Ein Wechselbad der Gefühle

Hans Tschanz mit einem Bericht der 2. Mannschaft über das Saisonfinale und einen kurzen Saisonrückblick.

„es hat nicht sollen sein“

Oft wird diese Floskel bemüht, um Niederlagen schnell und einfach erklären zu können. Die Verwendung erfolgt schon fast inflationär. Warum aber die zweite Mannschaft nicht den 2. Tabellenrang und damit die Playoffs erreichte, lässt sich angesichts der Ausgangslage und der verpassten Chancen fast nicht anders erklären. Um dieser Aussage etwas Kraft zu verleihen, nachfolgend ein paar Schilderungen.

Die Ausgangslage

Noch 2 Runden vor Schluss war der Blick auf die Tabelle vielversprechend. Der EHCO lag mit 23 Punkten aus 12 Spielen auf dem 2. Platz, vor Verfolger Adelboden mit 21 Punkten. Ansonsten konnte keine andere Mannschaft den Oberlangeneggern im Kampf um den 2. Rang noch gefährlich werden. Adelboden hatte aber zuerst noch ein Spiel weniger. Es folgte ein Wechselbad der Gefühle.

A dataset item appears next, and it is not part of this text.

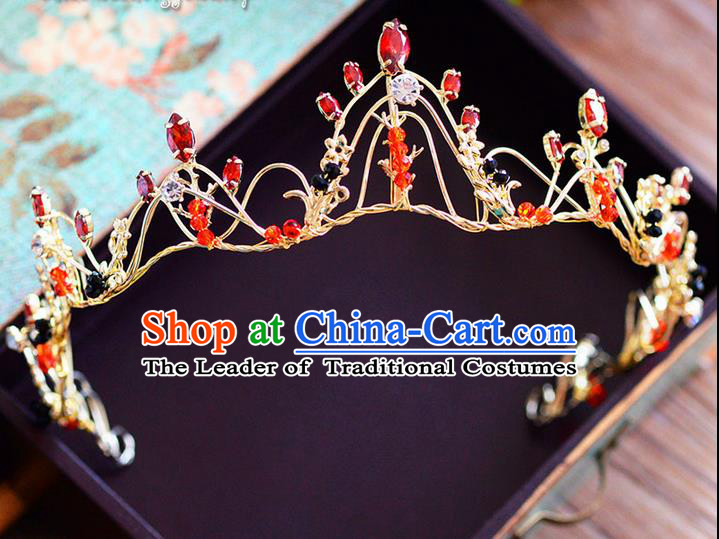 Traditional Jewelry Accessories, Princess Bride Royal Crown, Wedding Hair Accessories, Baroco Style Headwear for Women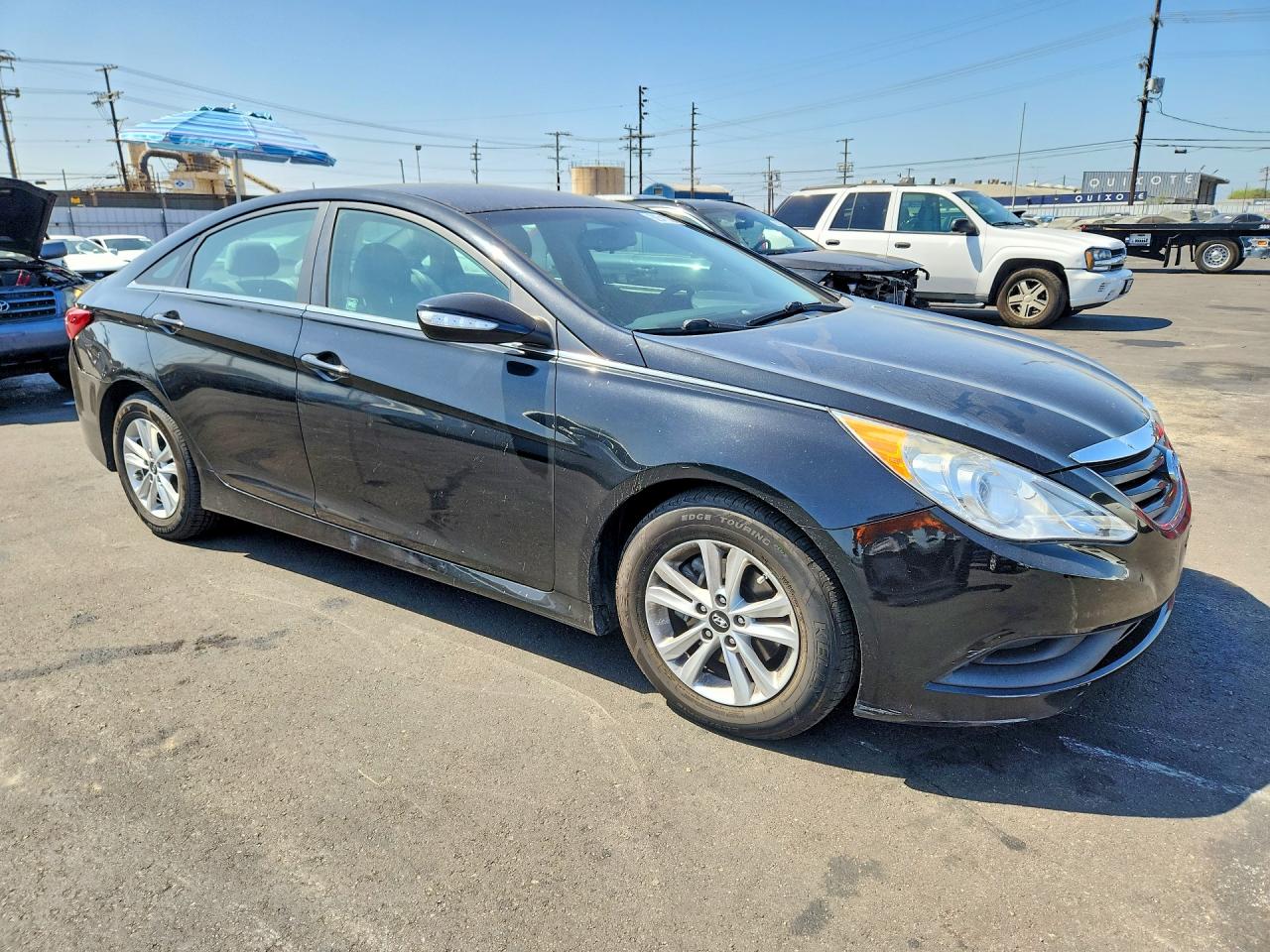 2014 Hyundai Sonata Gls Black vin: 5NPEB4AC3EH912728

Im Nachtragsspiel vom 24.01.2018 verlor der EHCA gegen Grindelwald überraschend, war doch der EHCG in den Abstiegskampf verwickelt. Damit blieb Adelboden nach ebenfalls 12 Spielen bei 21 Zählern stehen. Der EHCO durfte sich also berechtigte Hoffnungen auf den angestrebten Playoff-Platz machen, konnte den 2. Rang sogar noch aus eigener Kraft erreichen oder besser gesagt, halten. Das 13. Spiel ging jedoch gegen Beatenberg 1 Min. und 7 Sekunden vor Schluss unglücklich mit 3:4 verloren. Es resultierte kein Punkt, während der EHCA gegen Belp 3 Punkte einheimste. Würde Adelboden das letzte Spiel am 3.02.18 ebenfalls mit 3 Punkten gewinnen, wäre ein Überholen nicht mehr möglich gewesen. Das tat es aber nicht sondern patzte erneut. Sie verloren gegen Freimettigen und wiesen damit unverändert 24 Punkte aus, wodurch wieder alles offen war und den Wölfen ein Sieg in der Überzeit oder nach Penaltyschiessen mit 2 Punkten bereits reichen würde. Es wurde also alles im letzten Spiel vom 4.02.2018 gegen Belp entschieden.

Die Entscheidung

Die Partie gegen Belp startete ganz nach dem Gusto des EHCO. Er legte vor allem in den ersten 10 Minuten los wie die Feuerwehr und führte bereits in der 6. Minute mit 0:2. Dieser Vorsprung hielt bis zur ersten Pause Bestand. Im 2. Drittel erneut ein guter Start. Mit einem Doppelschlag innert 10 Sekunden konnte nach 24:31 die Führung sogar auf 0:4 ausgebaut werden. Aber ohne merklichen Leistungsabfall stand es nach Toren des Gegners bei 28:49 und 38:07 2:4. Mit diesem zwei Tore-Vorsprung ging es ins letzte Drittel. Der EHCO wehrte in der Folge alle Angriffe wacker ab und hatte selber einige sehr gute Chancen, weitere Tore zu erzielen – Metalltreffer inklusive. So lief das Spiel bis zur 48 Minute, als Belp den Anschlusstreffer zum 3:4 realisierte. Eine hektische Schlussphase stand bevor, bis nach 57:10 eine zweifelhafte Strafe gegen die Wolves ausgesprochen wurde. Und dabei kam es, wie es kommen musste. 71 Sekunden vor Schluss stand es 4:4.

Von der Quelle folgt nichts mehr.